According to the Brothers Grimm, Rapunzel's mom had a craving for some greens growing in the garden next door, a beautiful garden belonging to a witch. The witch catches Rapunzel's dad stealing the greens and forces him to agree, in recompense, to hand over their first-born, who turns out to be Rapunzel, who is named for the stolen salad greens.
But what plant is Rapunzel named after? I had always thought it was rape. But after telling Lisa that, I began to have my doubts. In the "Household Stories from Grimm", Lucy Crane translates "One day the wife was standing at the window, and looking into the garden, she saw a bed filled with the finest rampion (a vegetable like a radish); and it looked so fresh and green that she began to wish for some; and at length she longed for it greatly...She made a salad of it at once." The translation by Ralph Manheim, considered to be the most accurate, though not always as poetic, says, "One day the wife stood at this window, looking down into the garden, and her eyes lit on a bed of the finest rapunzel, which is a kind of lettuce." The translation by Lore Segal says, "One day the woman was standing by the window looking into the garden and saw a bed planted with the most beautiful lettuce, of the kind they call Rapunzel." In "Translating Rapunzel" Kathleen J. Rinkes at the German Department of the University of California, Berkeley finds some of these translations absurd. She favors lamb's lettuce also called mache or corn salad. Although she seems to miss the point that, whatever the plant, it was the leafy green tops that were eaten, not the roots.
According to my dictionary, rampion is Campanula rapunculus a kind of radish, native to Britain, that has tops that can be eaten raw in a salad or cooked as greens.
On the other hand rape is Brassica napus which has three subgroups: one grown for it's leaves (collard greens, turnip greens), one grown for its roots (rutabaga, Swedish turnips or Swedes), and one grown for its seeds (rapeseed, canola). Before World War II large quantities of rapeseed and oil were imported from Japan.

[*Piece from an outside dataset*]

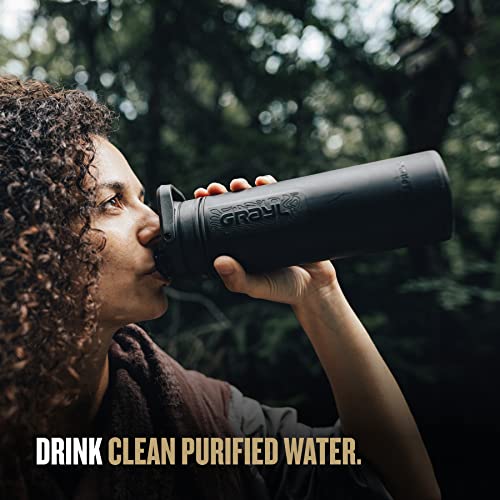 GRAYL UltraPress 16.9 oz Water Purifier & Filter Bottle for Hiking, Backpacking, Survival, Travel (Covert Black)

Brassica rapa (mustard greens, rapini) which is closer to the name Rapunzel.
In the days before refrigeration, people craved the first greens of spring. In the American south, we ate collard greens, turnip greens, mustard greens, and dandelion leaves. And then I remembered that the Japanese, too, have a tradition of eating The seven herbs of spring for the New Year, or nanakusa. And Brassica rapa (スズナ) is usually listed.
Is one of these plants in the song, oborotsukiyo that Lisa's mural refers to?
The Gunma Prefecture Botanical Garden provided the Latin equivalents for the Japanese common and some great photos.
The Nagoya Port Wildflower Database provides a slightly different list of The Seven Spring Herbs. This is a Japanese site with English access. The fact that they named the Nagoya Port Wildflower Gardenブルーボネット (bluebonnet) delights me, since bluebonnets are the state flower of Texas, where I live now.
"I still think that it was the Brassica (for Rapunzel's hair was as golden as those flowers). Now if I can only discover if either of these is one of the "haru no nanakusa", the seven herbs of spring, that the Japanese eat. Before refrigeration, people (like Rapunzel's mother) craved the first greens of spring." Curiousity killed the cat; but satisfaction brought her back.